It was this or Law School


Have you ever felt this endless energy that needs to break free?  That’s it, right now, for me.

When I was about 11 I tried to write a book, an actual novel if you will.  A sequel to a book written well over two hundred years ago.  My mom kept it and shows it to her friends every once in a while, but it was terrible.  Grammar aside it was lacking that flow that every reader needs to get through any subject matter.

Let’s just say that when I write any e-mail whether personal or professional, I have to edit before I hit the send button because god only knows what kind of sense anyone would make out of the unedited version. English major I was not, so my grammar and sentence structure is still lacking most of the time.

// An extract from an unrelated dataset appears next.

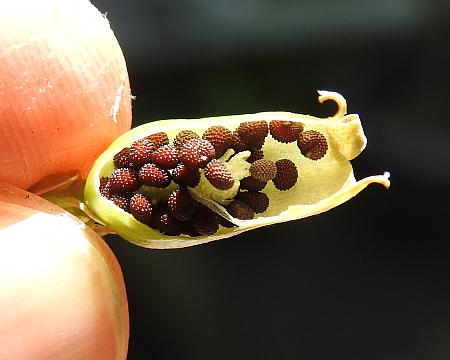 Silene_virginica_seeds.jpg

Now a days I read self-help articles, like best retirement funds and best accounts to utilize for saving.  My husband and I went through Financial Peace and it’s a great program if you work the system.  We’re not quite so dedicated as all that, but we did take some of the themes and applied it in our everyday life.  We did in fact get out of debt, not because of a diehard dedication.  Instead I took the stubborn way out and was determined to out earn the debt.  What ended up happening was an overwhelming amount of burn out. You might be thinking to yourself well she still got out of dept.  I’m not trying to discount the outcome because tt was really great to not be bogged down by so many bad life choices.  However, once that goal was gone where was I going to go from here?  I was so focused for so long on achieving that one Goal and then when it happened, I felt lost.

Then I came across an article about how to start a blog.  Well, I’ve always wanted to be a writer and to fulfill that endeavor I started oh so long ago at 11 that never came to fruition.  “Have credit card will blog”.

I’m over 40 and still haven’t quite found my passion.  Speaking of passion one of my most favorite co-workers quit her full-time job to fulfill her passion of teaching.  Let’s just say being cooped up with a bunch of 6-year-olds all day, every day isn’t necessarily my idea of a fulfilling life especially in the public school system, but hey to each their own.

According to these blog articles I was now obsessed with reading they recommended you write 1,000 words 2-4 times per week.  That seems incredibly daunting, but I also read somewhere that Stephen King or was it James Patterson, can’t really remember would write 4 good pages per day to finish their novels.  Four pages doesn’t seem that overwhelming if writing novels is your fulltime situation. Did they mean 4 raw pages or 4 edited pages? Not really quite sure?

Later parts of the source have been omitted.